Nothing outside the range is to be copied. From the entries below, reproduce exactly the lines starting at the one with "Вывоз мусора.Недорого.газель.Грузчики есть." and ending at the one with "南京街舞队在极限运动会中的拼搏历程与梦想追逐之路", without pictures.

Records to use:
=======

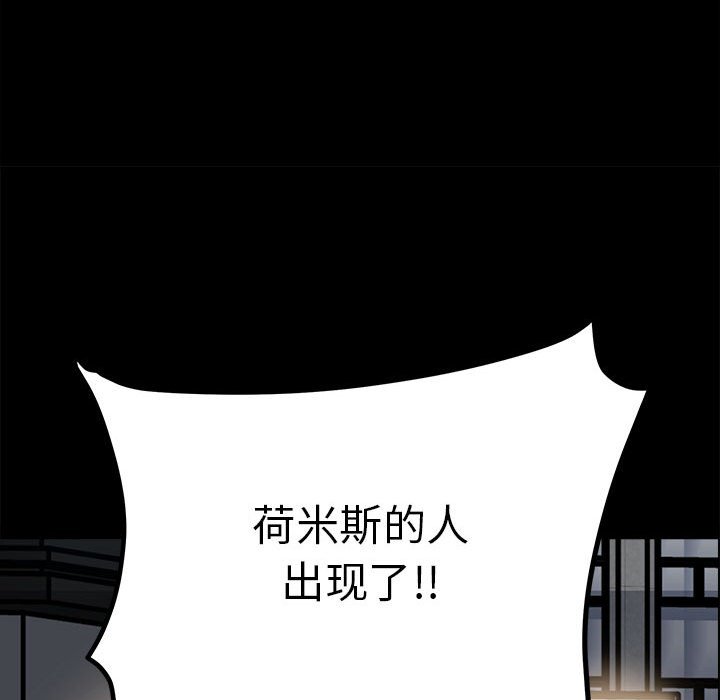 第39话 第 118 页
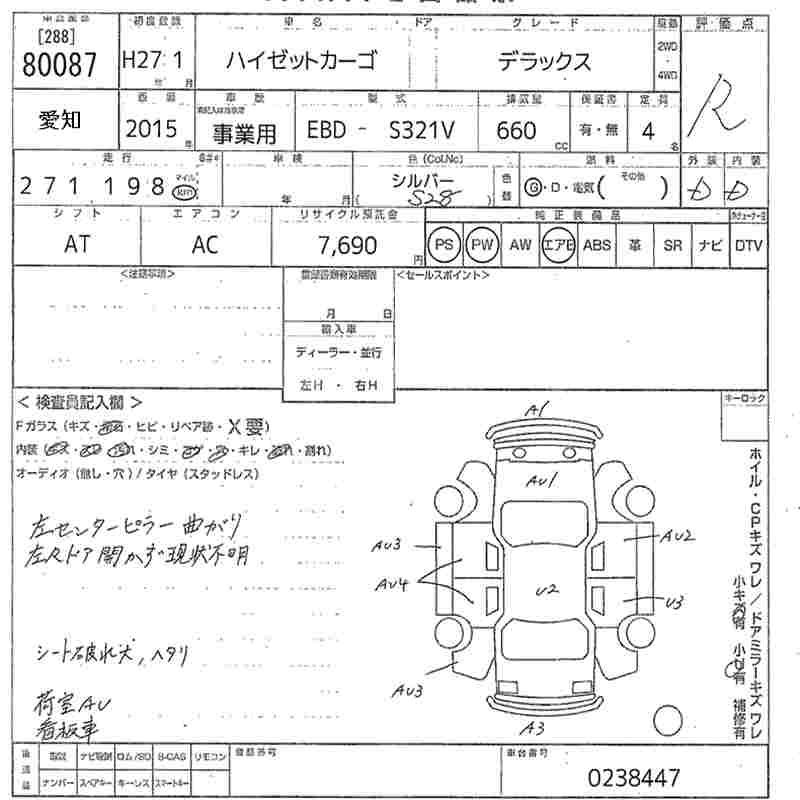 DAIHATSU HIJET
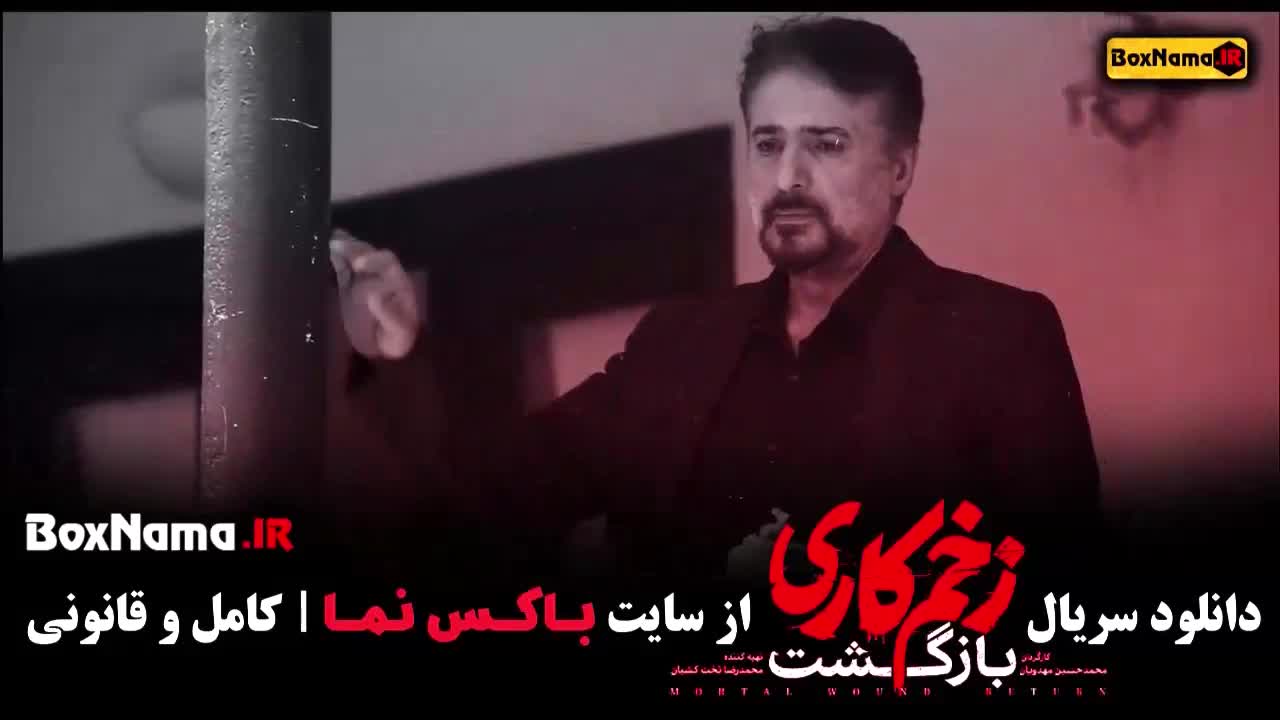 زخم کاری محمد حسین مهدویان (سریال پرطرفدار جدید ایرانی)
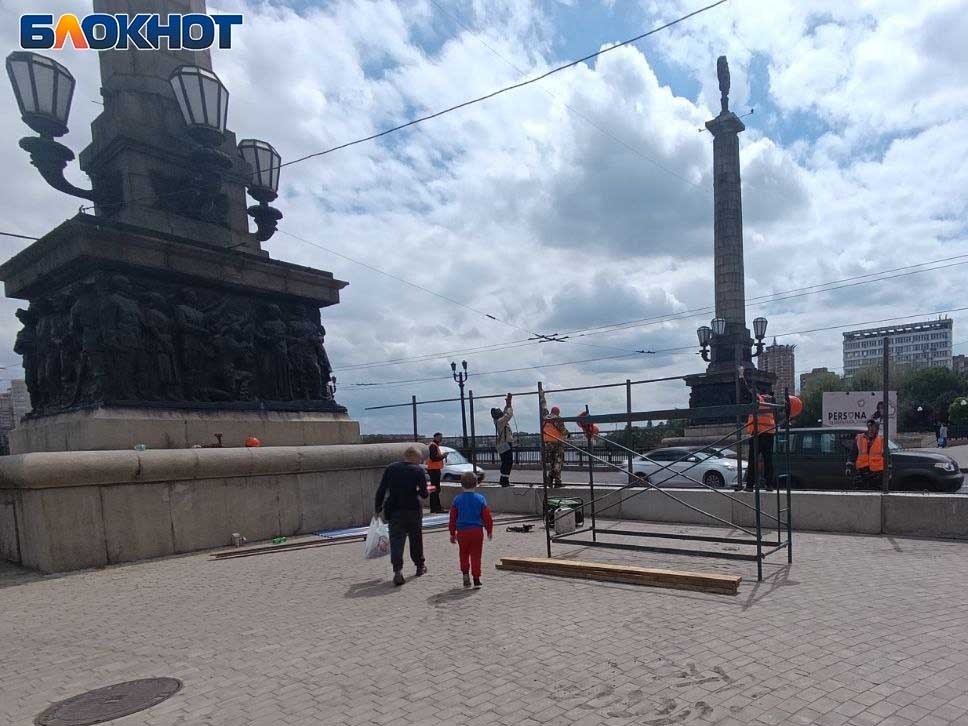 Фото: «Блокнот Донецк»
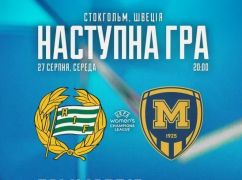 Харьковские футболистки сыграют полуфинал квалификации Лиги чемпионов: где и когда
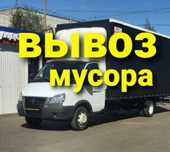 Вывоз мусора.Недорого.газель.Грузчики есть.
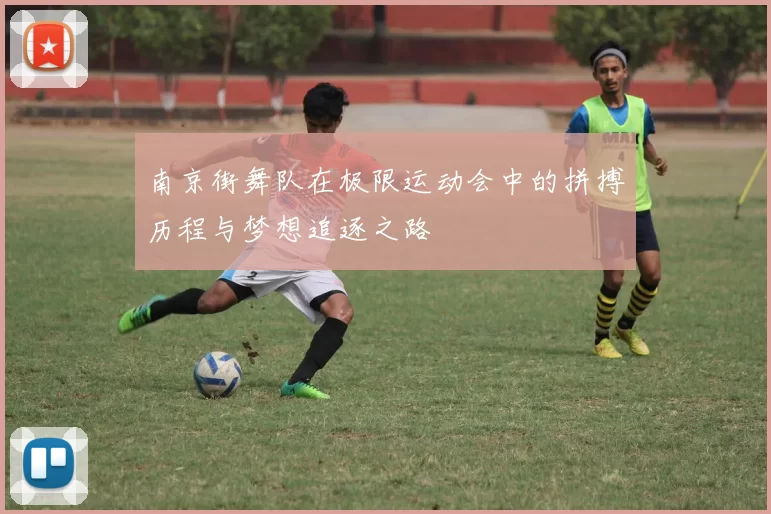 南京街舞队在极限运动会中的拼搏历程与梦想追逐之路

=======

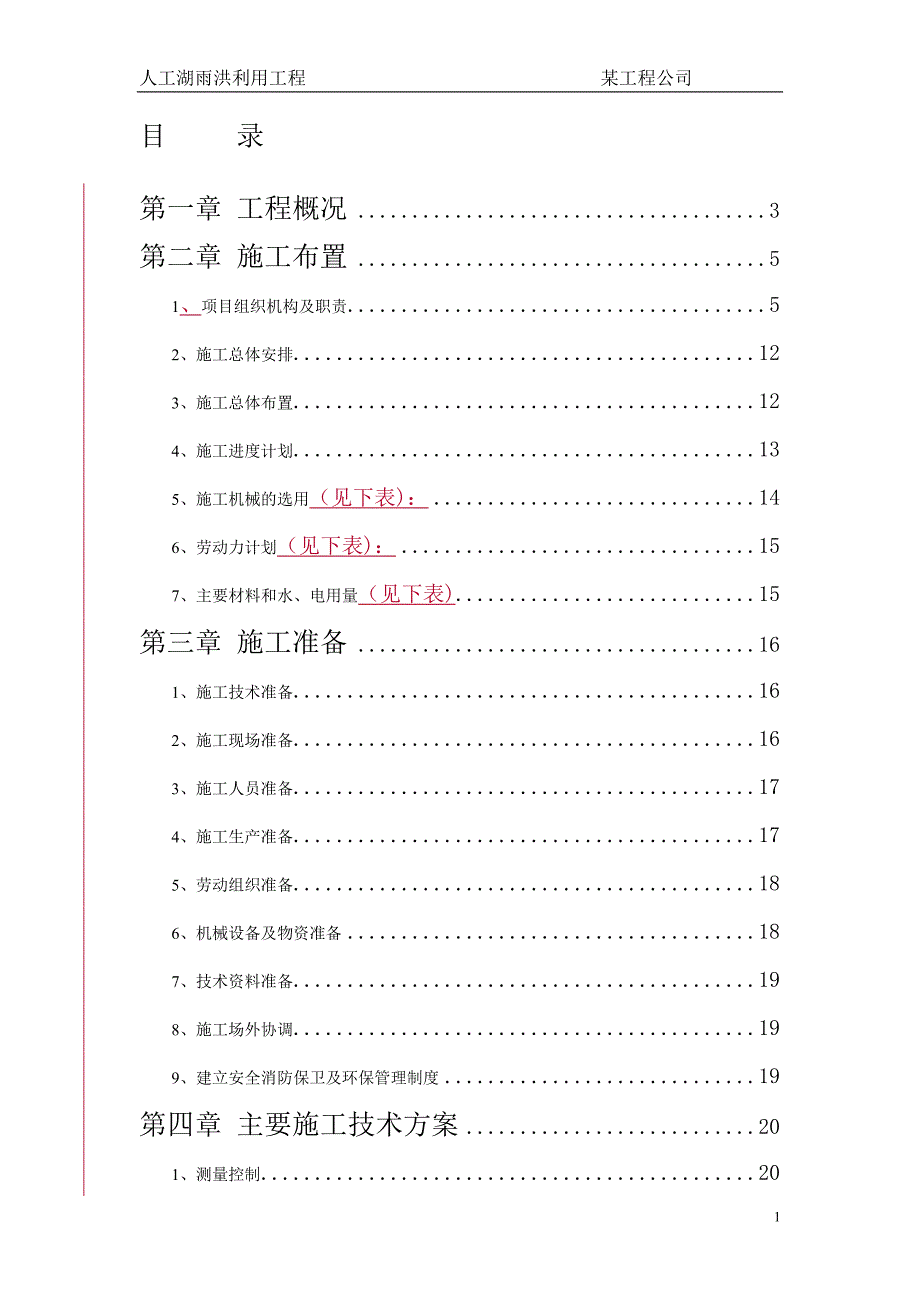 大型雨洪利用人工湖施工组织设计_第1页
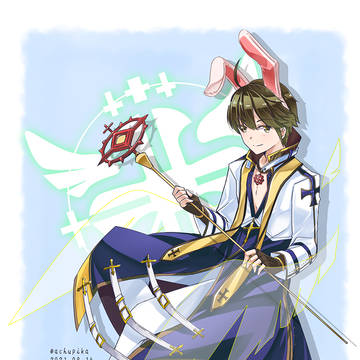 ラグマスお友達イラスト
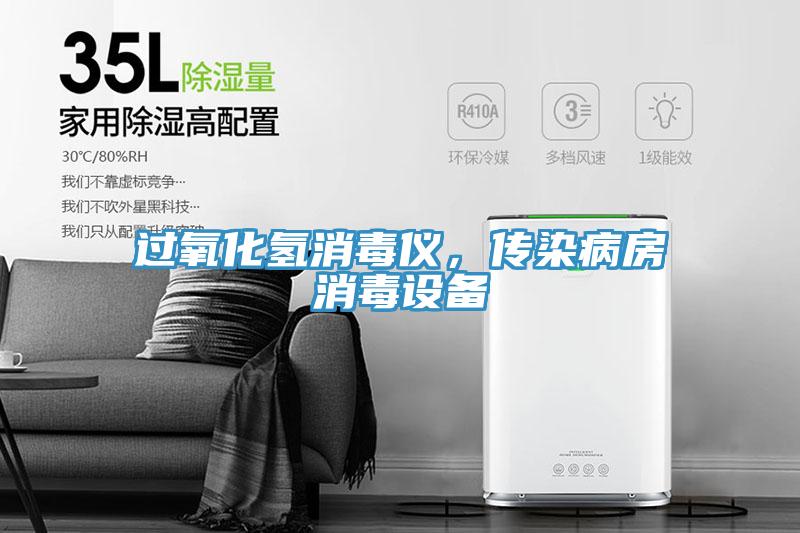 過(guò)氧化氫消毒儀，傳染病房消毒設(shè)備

=======

Final answer:
 Вывоз мусора.Недорого.газель.Грузчики есть.
 南京街舞队在极限运动会中的拼搏历程与梦想追逐之路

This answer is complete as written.